■ **Input**:
>>

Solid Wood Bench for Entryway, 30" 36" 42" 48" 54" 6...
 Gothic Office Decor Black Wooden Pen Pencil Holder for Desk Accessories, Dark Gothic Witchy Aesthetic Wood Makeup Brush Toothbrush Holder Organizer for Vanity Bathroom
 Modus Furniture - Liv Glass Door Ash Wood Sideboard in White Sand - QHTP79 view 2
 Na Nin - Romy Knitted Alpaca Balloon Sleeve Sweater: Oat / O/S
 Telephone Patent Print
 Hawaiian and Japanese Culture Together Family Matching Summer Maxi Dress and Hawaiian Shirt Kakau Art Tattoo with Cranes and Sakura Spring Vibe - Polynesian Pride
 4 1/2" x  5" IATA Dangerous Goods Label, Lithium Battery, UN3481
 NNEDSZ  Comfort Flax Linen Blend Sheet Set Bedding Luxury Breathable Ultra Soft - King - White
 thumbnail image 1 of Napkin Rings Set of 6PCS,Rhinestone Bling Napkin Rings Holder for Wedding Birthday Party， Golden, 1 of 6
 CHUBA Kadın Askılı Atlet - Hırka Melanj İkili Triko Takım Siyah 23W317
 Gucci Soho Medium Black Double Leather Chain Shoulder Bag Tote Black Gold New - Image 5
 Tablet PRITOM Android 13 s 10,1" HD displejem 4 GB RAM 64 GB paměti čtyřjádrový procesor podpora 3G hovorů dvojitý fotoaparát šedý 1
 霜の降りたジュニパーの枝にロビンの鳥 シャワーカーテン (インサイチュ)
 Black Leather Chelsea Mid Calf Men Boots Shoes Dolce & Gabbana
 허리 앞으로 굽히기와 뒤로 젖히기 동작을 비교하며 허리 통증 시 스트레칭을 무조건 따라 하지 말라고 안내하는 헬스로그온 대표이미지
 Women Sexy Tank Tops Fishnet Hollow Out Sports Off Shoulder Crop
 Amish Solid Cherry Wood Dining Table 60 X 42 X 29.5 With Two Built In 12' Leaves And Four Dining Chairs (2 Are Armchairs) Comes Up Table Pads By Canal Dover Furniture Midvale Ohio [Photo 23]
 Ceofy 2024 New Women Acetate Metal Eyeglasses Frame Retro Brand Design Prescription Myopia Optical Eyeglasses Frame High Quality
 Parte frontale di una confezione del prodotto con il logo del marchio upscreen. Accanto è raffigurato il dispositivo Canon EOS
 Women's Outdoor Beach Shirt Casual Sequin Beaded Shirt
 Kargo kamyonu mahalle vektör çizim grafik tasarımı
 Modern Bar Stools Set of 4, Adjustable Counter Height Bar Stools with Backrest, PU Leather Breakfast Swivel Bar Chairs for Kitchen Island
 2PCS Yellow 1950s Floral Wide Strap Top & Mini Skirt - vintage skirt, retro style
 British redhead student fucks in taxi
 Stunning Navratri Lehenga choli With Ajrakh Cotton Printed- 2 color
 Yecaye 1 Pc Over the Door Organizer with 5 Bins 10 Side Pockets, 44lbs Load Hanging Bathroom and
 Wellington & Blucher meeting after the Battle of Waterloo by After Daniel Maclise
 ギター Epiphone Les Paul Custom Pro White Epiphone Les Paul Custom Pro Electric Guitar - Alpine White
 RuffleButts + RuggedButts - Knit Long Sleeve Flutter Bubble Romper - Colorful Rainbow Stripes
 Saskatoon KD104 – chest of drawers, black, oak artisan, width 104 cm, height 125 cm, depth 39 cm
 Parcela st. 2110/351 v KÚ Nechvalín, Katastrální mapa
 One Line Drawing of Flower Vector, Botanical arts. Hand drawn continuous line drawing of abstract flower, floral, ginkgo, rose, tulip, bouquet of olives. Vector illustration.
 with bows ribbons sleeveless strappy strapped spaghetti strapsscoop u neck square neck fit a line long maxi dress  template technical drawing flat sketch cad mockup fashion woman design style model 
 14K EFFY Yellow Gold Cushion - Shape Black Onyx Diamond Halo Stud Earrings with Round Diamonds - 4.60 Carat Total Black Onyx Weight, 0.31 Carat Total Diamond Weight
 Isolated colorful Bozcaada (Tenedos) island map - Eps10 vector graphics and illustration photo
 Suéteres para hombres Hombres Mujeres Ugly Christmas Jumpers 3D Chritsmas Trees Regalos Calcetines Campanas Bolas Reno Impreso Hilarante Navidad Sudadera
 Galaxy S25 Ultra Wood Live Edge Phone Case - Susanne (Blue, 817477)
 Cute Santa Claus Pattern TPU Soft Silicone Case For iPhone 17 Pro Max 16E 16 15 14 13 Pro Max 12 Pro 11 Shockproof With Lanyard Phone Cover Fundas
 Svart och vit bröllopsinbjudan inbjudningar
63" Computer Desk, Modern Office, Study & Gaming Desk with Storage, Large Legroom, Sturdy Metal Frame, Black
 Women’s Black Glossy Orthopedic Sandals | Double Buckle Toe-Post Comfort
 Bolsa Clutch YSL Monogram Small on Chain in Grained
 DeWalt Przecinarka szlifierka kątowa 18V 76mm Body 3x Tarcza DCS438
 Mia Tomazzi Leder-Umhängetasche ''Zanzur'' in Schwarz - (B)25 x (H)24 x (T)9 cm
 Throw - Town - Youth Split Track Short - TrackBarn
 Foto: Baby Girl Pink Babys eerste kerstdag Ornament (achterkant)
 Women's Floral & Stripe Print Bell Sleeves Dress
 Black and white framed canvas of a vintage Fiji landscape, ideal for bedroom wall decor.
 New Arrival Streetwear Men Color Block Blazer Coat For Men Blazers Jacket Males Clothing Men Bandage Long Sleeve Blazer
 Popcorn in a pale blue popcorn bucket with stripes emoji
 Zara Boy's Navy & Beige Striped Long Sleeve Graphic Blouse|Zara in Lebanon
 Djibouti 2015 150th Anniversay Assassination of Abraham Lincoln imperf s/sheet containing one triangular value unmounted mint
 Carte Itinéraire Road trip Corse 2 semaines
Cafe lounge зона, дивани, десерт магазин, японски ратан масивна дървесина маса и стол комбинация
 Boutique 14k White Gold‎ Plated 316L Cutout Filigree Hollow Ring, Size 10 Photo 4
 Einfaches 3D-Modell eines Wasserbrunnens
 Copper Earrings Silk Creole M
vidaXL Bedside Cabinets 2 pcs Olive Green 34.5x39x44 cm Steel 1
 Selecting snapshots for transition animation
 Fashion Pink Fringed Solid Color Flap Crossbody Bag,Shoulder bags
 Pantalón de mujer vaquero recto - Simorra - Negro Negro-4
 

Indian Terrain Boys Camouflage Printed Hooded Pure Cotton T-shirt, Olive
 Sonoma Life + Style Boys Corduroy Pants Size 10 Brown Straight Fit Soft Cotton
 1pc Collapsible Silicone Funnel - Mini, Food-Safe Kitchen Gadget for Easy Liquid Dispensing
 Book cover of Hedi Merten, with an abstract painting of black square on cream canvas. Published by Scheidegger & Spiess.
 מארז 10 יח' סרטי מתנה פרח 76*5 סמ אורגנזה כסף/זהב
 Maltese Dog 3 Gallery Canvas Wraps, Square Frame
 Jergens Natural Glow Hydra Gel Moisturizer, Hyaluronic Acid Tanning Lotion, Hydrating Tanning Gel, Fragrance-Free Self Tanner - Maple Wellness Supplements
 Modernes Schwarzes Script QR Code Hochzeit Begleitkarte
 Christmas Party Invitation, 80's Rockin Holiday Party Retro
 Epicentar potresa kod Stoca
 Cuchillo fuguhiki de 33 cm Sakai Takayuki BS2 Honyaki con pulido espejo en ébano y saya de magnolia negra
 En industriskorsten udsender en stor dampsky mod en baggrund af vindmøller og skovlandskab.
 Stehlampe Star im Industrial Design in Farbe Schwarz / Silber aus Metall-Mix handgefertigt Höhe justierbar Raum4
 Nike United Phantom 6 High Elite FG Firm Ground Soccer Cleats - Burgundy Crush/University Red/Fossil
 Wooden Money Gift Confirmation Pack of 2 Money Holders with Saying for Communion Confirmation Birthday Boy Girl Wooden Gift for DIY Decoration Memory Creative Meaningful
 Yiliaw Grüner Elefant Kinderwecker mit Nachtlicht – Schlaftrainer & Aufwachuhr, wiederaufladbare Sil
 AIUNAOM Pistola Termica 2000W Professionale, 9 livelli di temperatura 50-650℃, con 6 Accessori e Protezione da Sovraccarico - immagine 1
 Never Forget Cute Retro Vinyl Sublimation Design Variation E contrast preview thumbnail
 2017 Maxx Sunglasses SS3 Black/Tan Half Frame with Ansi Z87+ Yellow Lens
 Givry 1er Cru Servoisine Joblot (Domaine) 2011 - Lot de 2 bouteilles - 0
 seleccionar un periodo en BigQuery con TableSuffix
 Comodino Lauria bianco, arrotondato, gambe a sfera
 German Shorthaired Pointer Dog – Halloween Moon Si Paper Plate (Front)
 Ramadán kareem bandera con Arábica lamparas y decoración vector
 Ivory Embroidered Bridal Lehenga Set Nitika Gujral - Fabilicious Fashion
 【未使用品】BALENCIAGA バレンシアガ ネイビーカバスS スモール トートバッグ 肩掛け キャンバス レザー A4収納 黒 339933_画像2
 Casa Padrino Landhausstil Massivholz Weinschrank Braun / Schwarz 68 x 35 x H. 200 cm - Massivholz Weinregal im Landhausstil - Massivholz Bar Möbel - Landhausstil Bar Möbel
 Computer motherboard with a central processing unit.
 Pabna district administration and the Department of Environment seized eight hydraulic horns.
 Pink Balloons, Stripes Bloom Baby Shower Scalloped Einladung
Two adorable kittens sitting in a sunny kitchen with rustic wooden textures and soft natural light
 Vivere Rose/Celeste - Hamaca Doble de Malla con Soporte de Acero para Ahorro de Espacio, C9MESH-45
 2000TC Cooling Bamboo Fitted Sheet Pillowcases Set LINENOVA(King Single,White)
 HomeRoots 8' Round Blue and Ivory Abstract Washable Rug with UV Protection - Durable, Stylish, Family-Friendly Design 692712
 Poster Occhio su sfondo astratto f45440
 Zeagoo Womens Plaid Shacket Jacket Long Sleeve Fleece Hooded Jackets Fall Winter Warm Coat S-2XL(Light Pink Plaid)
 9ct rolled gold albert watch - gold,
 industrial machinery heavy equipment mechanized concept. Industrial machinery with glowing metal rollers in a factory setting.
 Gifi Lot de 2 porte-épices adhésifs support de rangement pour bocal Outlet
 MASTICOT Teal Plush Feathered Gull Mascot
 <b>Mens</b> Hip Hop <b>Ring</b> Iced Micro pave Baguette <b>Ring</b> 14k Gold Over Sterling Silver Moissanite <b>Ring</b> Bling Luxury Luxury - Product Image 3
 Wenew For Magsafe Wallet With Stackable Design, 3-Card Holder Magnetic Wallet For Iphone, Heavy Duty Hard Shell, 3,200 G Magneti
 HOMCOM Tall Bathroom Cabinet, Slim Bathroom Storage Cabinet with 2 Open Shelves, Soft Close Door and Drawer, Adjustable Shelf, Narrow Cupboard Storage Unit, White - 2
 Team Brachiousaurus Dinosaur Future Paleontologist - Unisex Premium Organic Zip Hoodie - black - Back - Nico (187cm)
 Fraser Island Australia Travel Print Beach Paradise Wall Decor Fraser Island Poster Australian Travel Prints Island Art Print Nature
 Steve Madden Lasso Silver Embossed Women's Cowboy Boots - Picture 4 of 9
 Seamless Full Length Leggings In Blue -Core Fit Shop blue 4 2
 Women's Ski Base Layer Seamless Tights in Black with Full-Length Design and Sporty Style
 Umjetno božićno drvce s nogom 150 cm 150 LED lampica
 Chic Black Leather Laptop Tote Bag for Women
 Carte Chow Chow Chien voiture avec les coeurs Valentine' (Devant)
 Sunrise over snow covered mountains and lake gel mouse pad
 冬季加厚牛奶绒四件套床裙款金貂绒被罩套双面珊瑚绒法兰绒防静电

<<

■ **Problem**: Please return exactly the lines from the opening line of the data above through the line with "Telephone Patent Print", both included and nothing else.

■ **Exercise output**:
Solid Wood Bench for Entryway, 30" 36" 42" 48" 54" 6...
 Gothic Office Decor Black Wooden Pen Pencil Holder for Desk Accessories, Dark Gothic Witchy Aesthetic Wood Makeup Brush Toothbrush Holder Organizer for Vanity Bathroom
 Modus Furniture - Liv Glass Door Ash Wood Sideboard in White Sand - QHTP79 view 2
 Na Nin - Romy Knitted Alpaca Balloon Sleeve Sweater: Oat / O/S
 Telephone Patent Print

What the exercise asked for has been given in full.